In my childhood days spent on a small cotton farm, we ordered our work according to “sun time” even after someone got the big idea to readjust the hands on the clock and call it “daylight saving time” arguing that it would give us another hour of sunlight in which to work. That proposition did not affect our schedule at all. Our workday was not defined by a time clock. Its boundaries were determined by sunrise and sunset.

The roosters still crowed in the morning before daylight. The cows lowed to be fed and milked at the same old time as usual. We still arose while it was yet dark to complete the morning chores. After breakfast, we arrived in the fields for work just as the sun came over the eastern horizon.

We stopped work for what country folks called dinner as the sun reached its zenith. After a filling meal and a brief rest, we returned to the fields for an afternoon of labor where we were shielded from the heat of the sun only by a straw hat. We trudged barefooted down long rows of cotton with a hoe in hand removing excess cotton plants and digging out grass and weeds.

As the sun began to sink low my strength dissipated and I prayed the sun would hasten down so J. J. would declare it to be quitting time. I silently groaned when we started another set of rows knowing the sun would be out of sight before we reached their end.

In the classic movie “Gone with the Wind” there is a scene depicting a number of slaves cultivating young cotton plants. It was late in the afternoon when both the mules and those guiding the plows were exhausted from the long hours spent in the field. The rows they were ploughing seemed endless as the sun sank low in the western sky. Suddenly one of the young men could stand the toil and heat no longer.

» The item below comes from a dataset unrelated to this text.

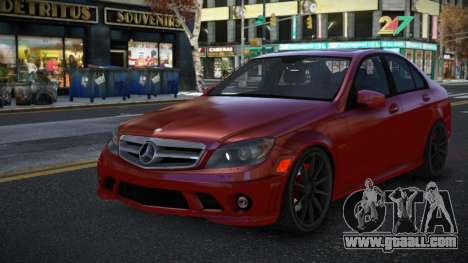 Mercedes-Benz C180 Romi for GTA 4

Wiping grime and sweat from his brow with a calloused hand he yelled “quitting time.” But the supervisor turned, and in a commanding voice said, “It ain’t quitting time ‘til I say it’s quitting time.”

As one ages the cares, heartaches, and trials accumulate as do the years. Memories from the past often cloud our vision of the present and our hope for the future. We seek for a reason to continue in life. Some may even pray for a day when physical life will end and they will be home with the Lord. But it is not quitting time until the Lord of life says it is. Then there is a new day coming for those who love and trust him.

An old Gospel song states “Sunset is coming but the sunrise we will see.” John the Revelator writes of a day when all will be new and the cares and heartaches of the past will be wiped away with our tears. For the blessed promise in its entirety see Revelation chapter 21.

Lord hasten the day when our faith shall be sight!